The exception to this is Claudia, who is still on the sidelines, but does open Vivian’s eyes to how, as the child of an immigrant, the expectations and pressures placed on her are wildly different than on Vivian. It’s a start, but it’s not really enough. And there is one thing that I just found confusing. Meg (Emily Hopper), who uses a wheelchair, appears for the first time right after Claudia says that Emma (Josephine Langford) will definitely get Most Bangable again this year because it’s not like she was disfigured in a horrible car accident. Is that supposed to be a joke? That’s not a rhetorical question. I really don’t know if they’re making a joke. Or what the juxtaposition is supposed to say? I read in a magazine that Meg is disabled “but doesn’t let that define her,” which, hoo boy howdy, NOPE. That’s not the compliment you think it is. Look, unless a disabled person specifically tells you that’s how they want to be spoken about, don’t pull out that ableist shit because disability is not a dirty word. Inaccessibility on the other hand… But more to the point, I don’t know how the author in that magazine knows what defines Meg because she shows up about four times, mainly to say sarcastic things about being in the back row of the marching band or people blocking the wheelchair ramp, but she’s otherwise pretty voiceless in the revolution. 

Meg, a white girl with blonde hair wearing a pink coat and black dress with a floral print who uses a wheelchair, is trying to get past two other girls who are talking and not noticing her.
Look, don’t get me wrong, I really enjoy Meg’s sarcastic comments and asides and her whole attitude, but I’m not sure the movie understood her character beyond “sassy wheelchair using girl.”

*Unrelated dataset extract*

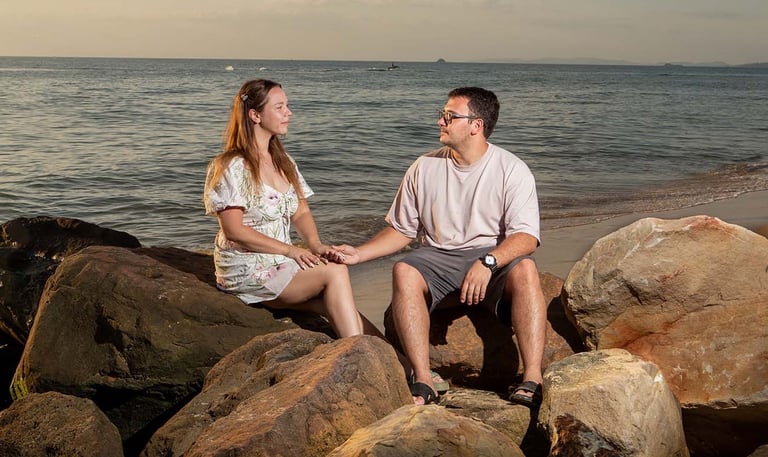 Фотосессия в золотой час на пляже Фукуока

Well, after all that criticism, let me remind you that I did actually enjoy this movie. It’s so great to watch the depictions of growing friendships between teenage girls, which are really the heart of the story. Plus, the romance between Vivian and Seth is the kind of sweet union you want everyone to have as an awkward teen. And we are left with hope at the end that the apathetic adults will be pushed into action and that Mitchell will get his comeuppance. I just want more, you know? More representation both behind and in front of the camera, more overt acknowledgements of privilege, more time and space for voices other than Vivian’s, and, quite frankly, more consequences for Mitchell because I wanted to see all the hot air sucked out of that pompous prick. Anyway, maybe watch this movie, and, as always, fuck the patriarchy and all its patriarchal fuckwittery.

Overall Rating on the Chronically Streaming Pain Scale:

1-Comfortable: Maybe there are some annoying twinges here and there,
but overall the good outweighs the bad.